* **Goal of the exercise**
Reproduce the material below line by line, beginning with its first line and ending with the line that contains "430 S Monterey Avenue, Villa Park, IL 60181"; leave out pictures.

*** Opening Input for this task ***

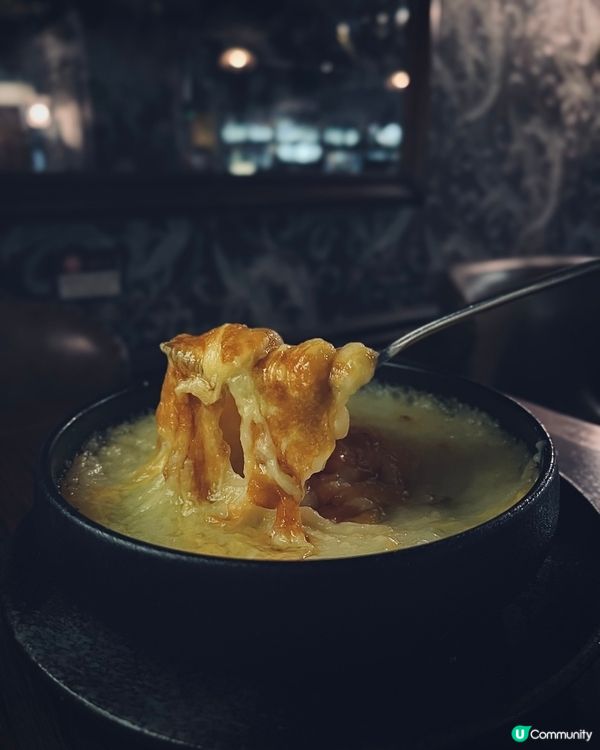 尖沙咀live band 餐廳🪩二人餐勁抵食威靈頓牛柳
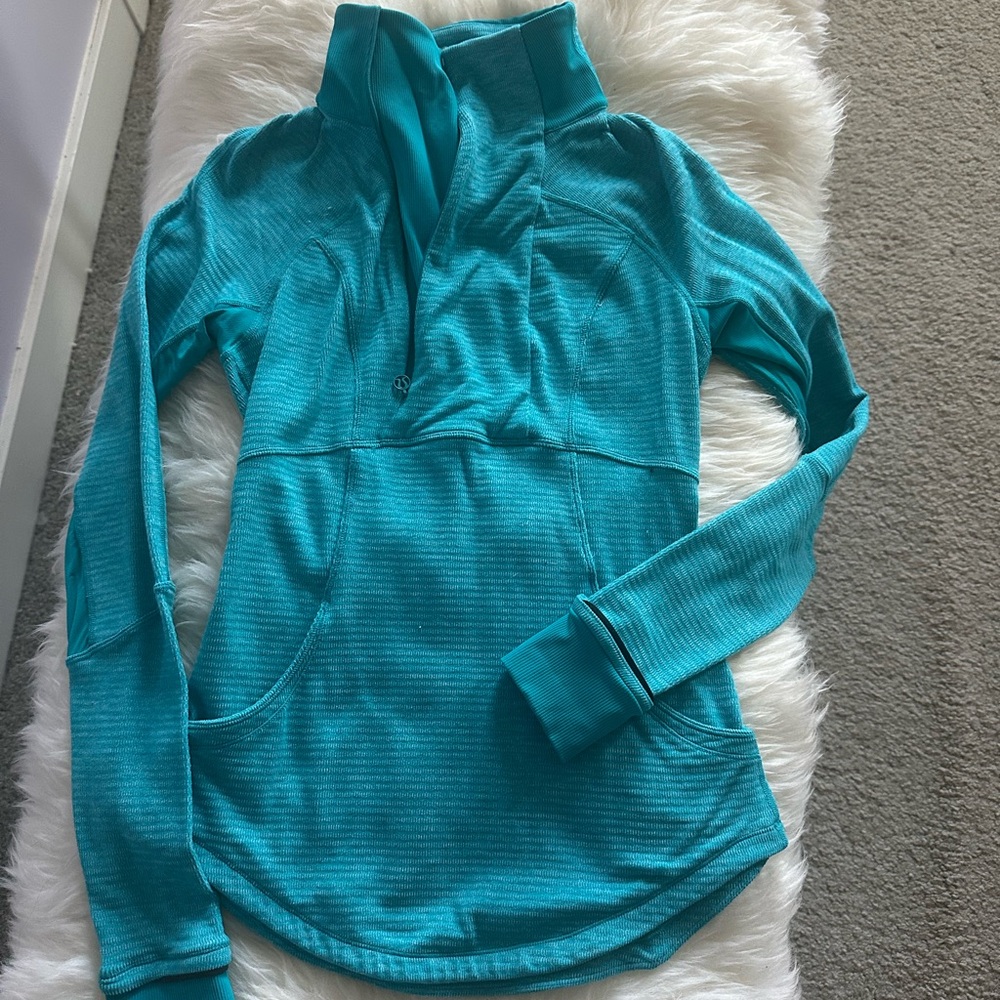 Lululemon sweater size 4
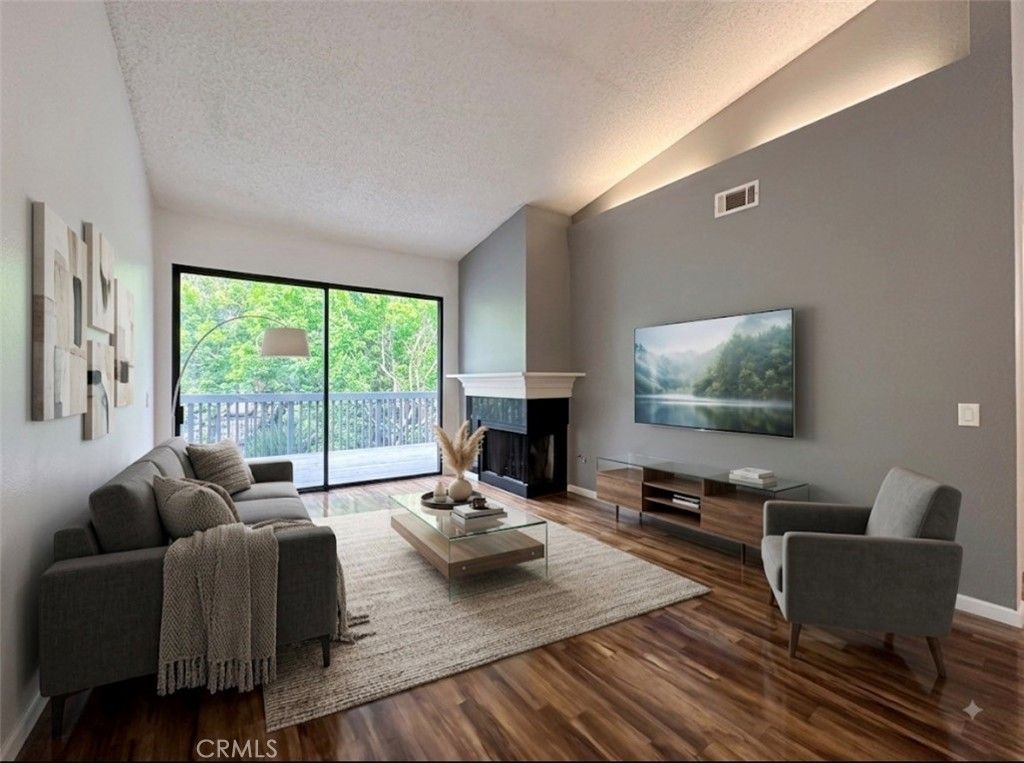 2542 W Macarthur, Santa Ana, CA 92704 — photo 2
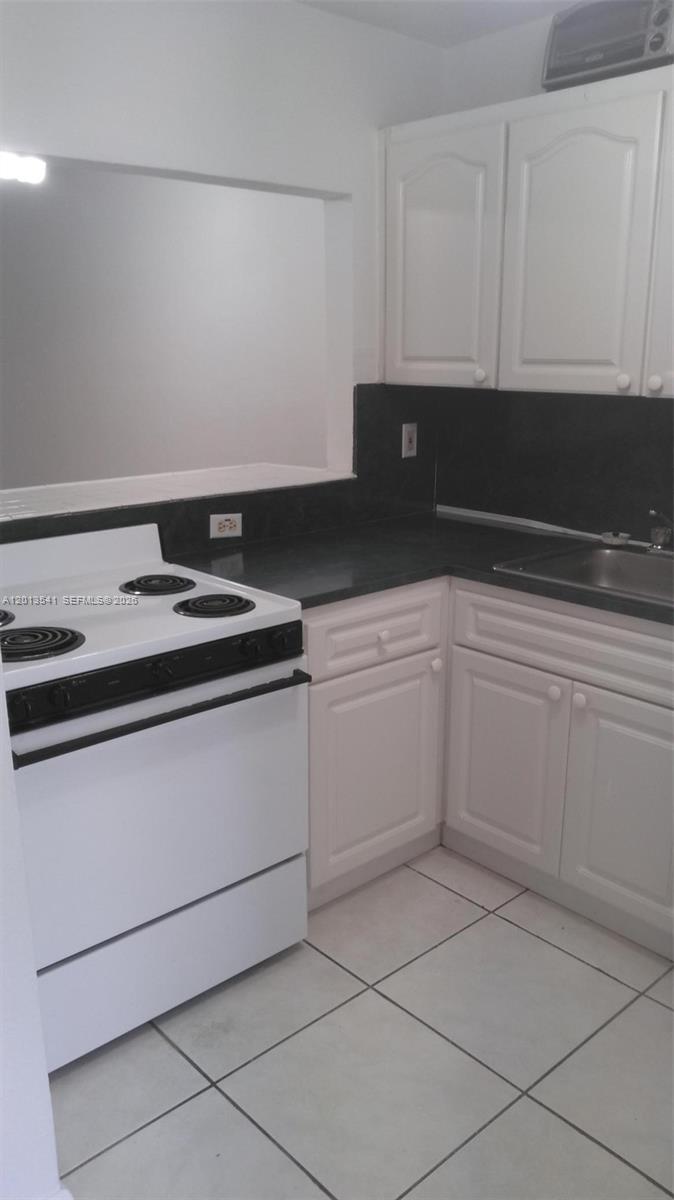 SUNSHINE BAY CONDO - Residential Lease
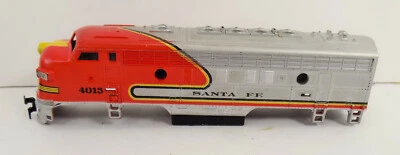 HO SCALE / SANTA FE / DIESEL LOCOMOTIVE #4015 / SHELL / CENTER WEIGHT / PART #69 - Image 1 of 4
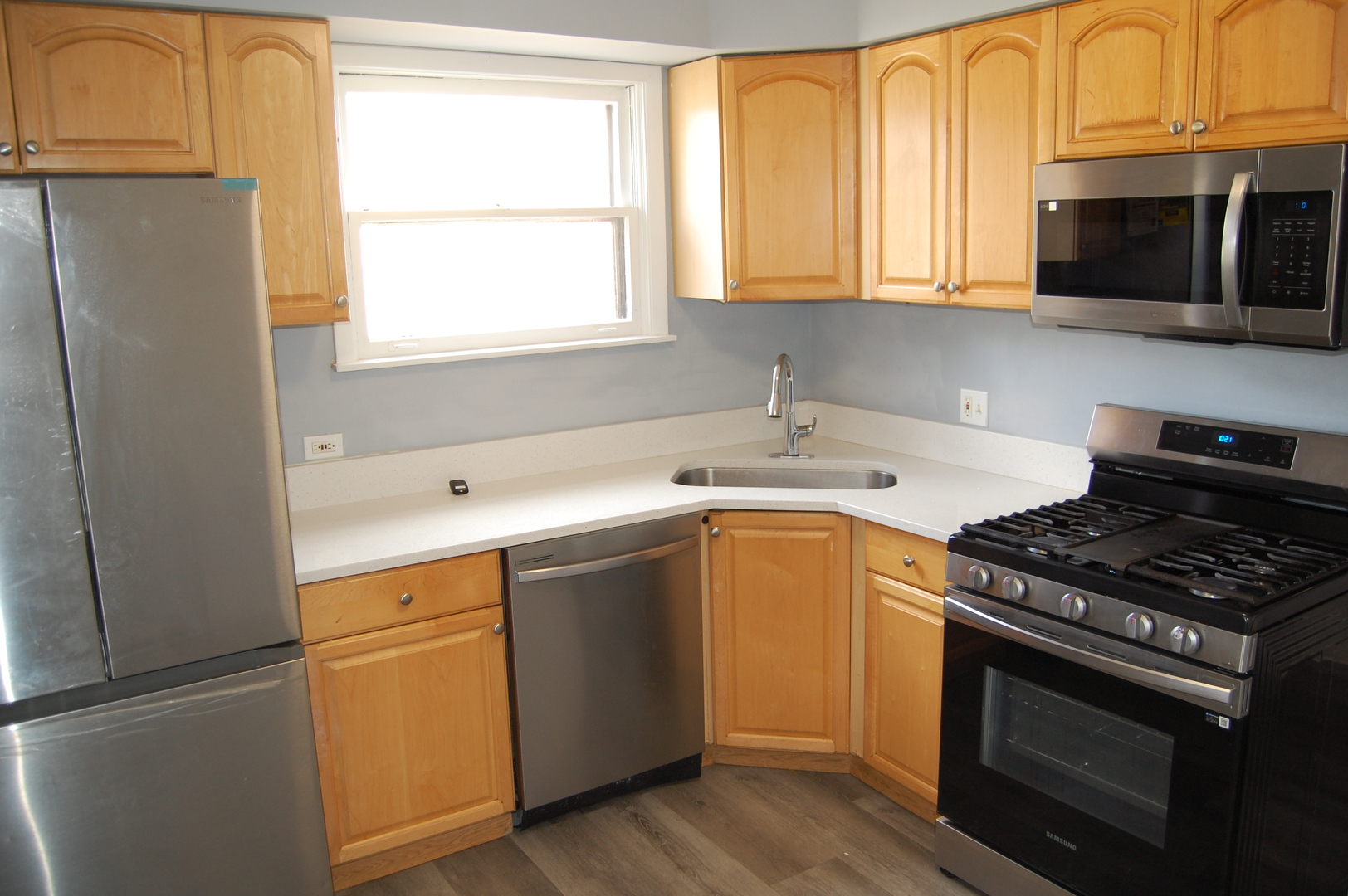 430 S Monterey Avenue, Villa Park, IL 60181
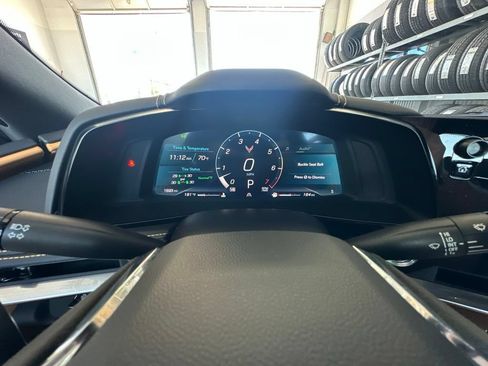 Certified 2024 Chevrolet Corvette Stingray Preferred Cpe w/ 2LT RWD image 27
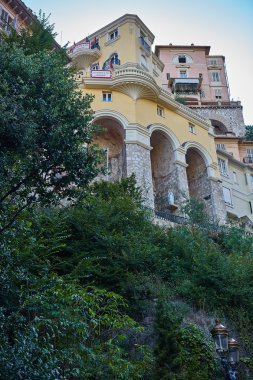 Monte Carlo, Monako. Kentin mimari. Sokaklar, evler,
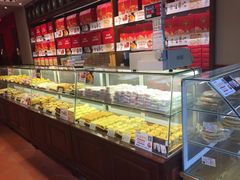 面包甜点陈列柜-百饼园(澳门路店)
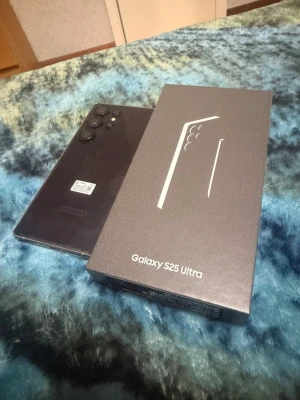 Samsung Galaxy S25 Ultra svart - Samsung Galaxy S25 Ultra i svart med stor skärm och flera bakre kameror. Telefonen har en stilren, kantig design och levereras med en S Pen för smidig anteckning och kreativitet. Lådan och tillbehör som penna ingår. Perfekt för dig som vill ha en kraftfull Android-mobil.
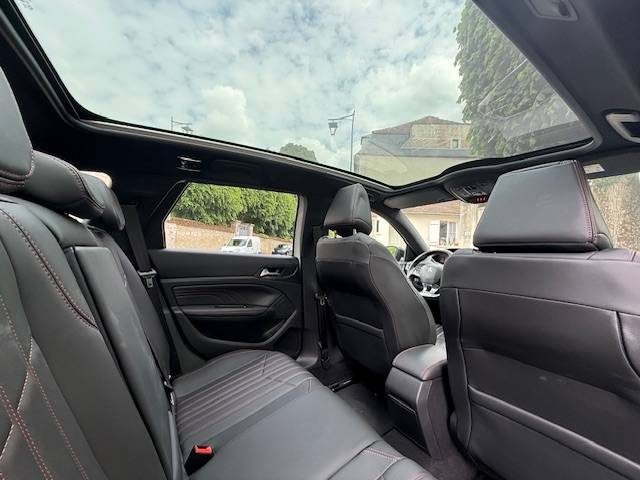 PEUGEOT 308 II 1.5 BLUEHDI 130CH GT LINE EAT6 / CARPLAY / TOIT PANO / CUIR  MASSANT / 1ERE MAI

*** Closing Input for this task ***

* **Problem solution**
 尖沙咀live band 餐廳🪩二人餐勁抵食威靈頓牛柳
 Lululemon sweater size 4
 2542 W Macarthur, Santa Ana, CA 92704 — photo 2
 SUNSHINE BAY CONDO - Residential Lease
 HO SCALE / SANTA FE / DIESEL LOCOMOTIVE #4015 / SHELL / CENTER WEIGHT / PART #69 - Image 1 of 4
 430 S Monterey Avenue, Villa Park, IL 60181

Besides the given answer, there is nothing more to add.